In June 2019 a consultant of the company commenced an arbitration seeking to recover, inter alia, consulting fees due to him under his Consulting Agreement which expires in October 2020. This case is in its infancy stages, without the Company having had the benefit of discovery, as such the outcome is uncertain. The Company intends to vigorously defend this matter and believes it has meritorious defenses to the claims asserted.
In addition to the litigations discussed above, the Company is involved in various other lawsuits, claims and proceedings incidental to the ordinary course of business, including personal injury, landlord tenant disputes, construction matters, employee and member relations, and Telephone Consumer Protection Act claims (a number of which purport to represent a class and one of which was brought by the Washington, D.C. Attorney General’s Office). The results of litigation are inherently unpredictable. Any claims against the Company, whether meritorious or not, could be time consuming, result in costly litigation, require significant amounts of management time and result in diversion of significant resources. The results of these other lawsuits, claims and proceedings cannot be predicted with certainty. The Company establishes accruals for loss contingencies when it has determined that a loss is probable and that the amount of loss, or range of loss, can be reasonably estimated. Any such accruals are adjusted thereafter as appropriate to reflect changes in circumstances. The Company concluded that an accrual for any such matters is not required as of June 30, 2019.

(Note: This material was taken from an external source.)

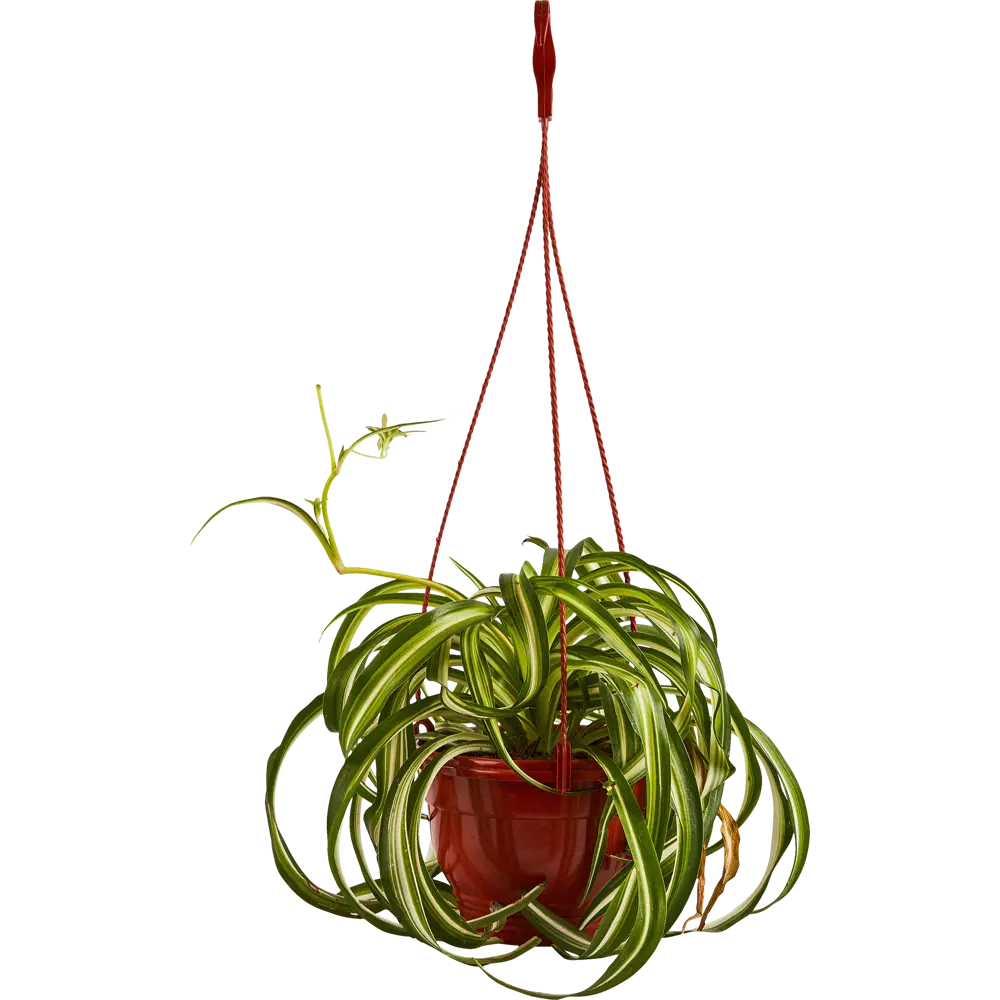 Хлорофитум Бонни Santreyd — изящный каскад зелени для вашего интерьера 85535974 STLM-0063574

The Company assigned its interest, and is contingently liable, under a real estate lease. This lease expires in 2020. As of June 30, 2019, the undiscounted payments the Company could be required to make in the event of non-payment by the primary lessee was approximately $631. The Company has not recorded a liability with respect to this guarantee obligation as of June 30, 2019 as it concluded that payment under this lease guarantee was not probable.